As announced in [a previous post](/blog/2013_09_04_ocamlpro_highlights_august_2013), I joined OCamlPro at the beginning of September and I started working on Alt-Ergo. Here is a report presenting the tool and the work we have done during the two last months.

### Alt-Ergo at a Glance

[Alt-Ergo](https://alt-ergo.ocamlpro.com) is an open source automatic theorem prover based on [SMT](https://en.wikipedia.org/wiki/Satisfiability_Modulo_Theories) technology. It is developed at [Laboratoire de Recherche en Informatique](https://www.lri.fr), [Inria Saclay Ile-de-France](https://www.inria.fr/centre/saclay) and [CNRS](https://www.cnrs.fr/index.php) since 2006. It is capable of reasoning in a combination of several built-in theories such as uninterpreted equality, integer and rational arithmetic, arrays, records, enumerated data types and AC symbols. It also handles quantified formulas and has a polymorphic first-order native input language. Alt-Ergo is written in [OCaml](https://caml.inria.fr/ocaml/index.fr.html). Its core has been formally proved in the [Coq proof assistant](https://coq.inria.fr).

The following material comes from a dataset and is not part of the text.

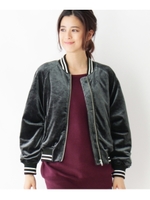 ◆ベロアコンパクトZIPジャケット/ネイビー(095)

Alt-Ergo has been involved in a qualification process (DO-178C) by [Airbus Industrie](http://www.airbus.com). During this process, a qualification kit has been produced. It was composed of a technical document with tool requirements (TR) that gives a precise description of each part of the prover, a companion document (~ 450 pages) of tests, and an instrumented version of the tool with a TR trace mechanism.

### Alt-Ergo Spider Web

Alt-Ergo is mainly used to prove the validity of mathematical formulas generated by program verification platforms. It was originally designed and tuned to prove formulas generated by the [Why tool](https://why.lri.fr). Now, it is used by different tools and in various contexts, in particular via the [Why3 platform](https://why3.lri.fr). As shown by the diagram below, Alt-Ergo is used to prove formulas:

- generated from Ada code by SPARK 2005 and [SPARK 2014](https://www.spark-2014.org),

- generated from C programs by [Frama-C](https://frama-c.com) and [CAVEAT](https://ieeexplore.ieee.org/xpls/abs_all.jsp?arnumber=1028953&tag=1),

- produced from WhyML programs by [Why3](https://why3.lri.fr),

- translated from proof obligations generated by [Atelier-B](https://www.atelierb.eu),

Moreover, Alt-Ergo is used in the context of cryptographic protocols verification by [EasyCrypt](https://www.easycrypt.info) and in SMT-based model checking by [Cubicle](https://cubicle.lri.fr).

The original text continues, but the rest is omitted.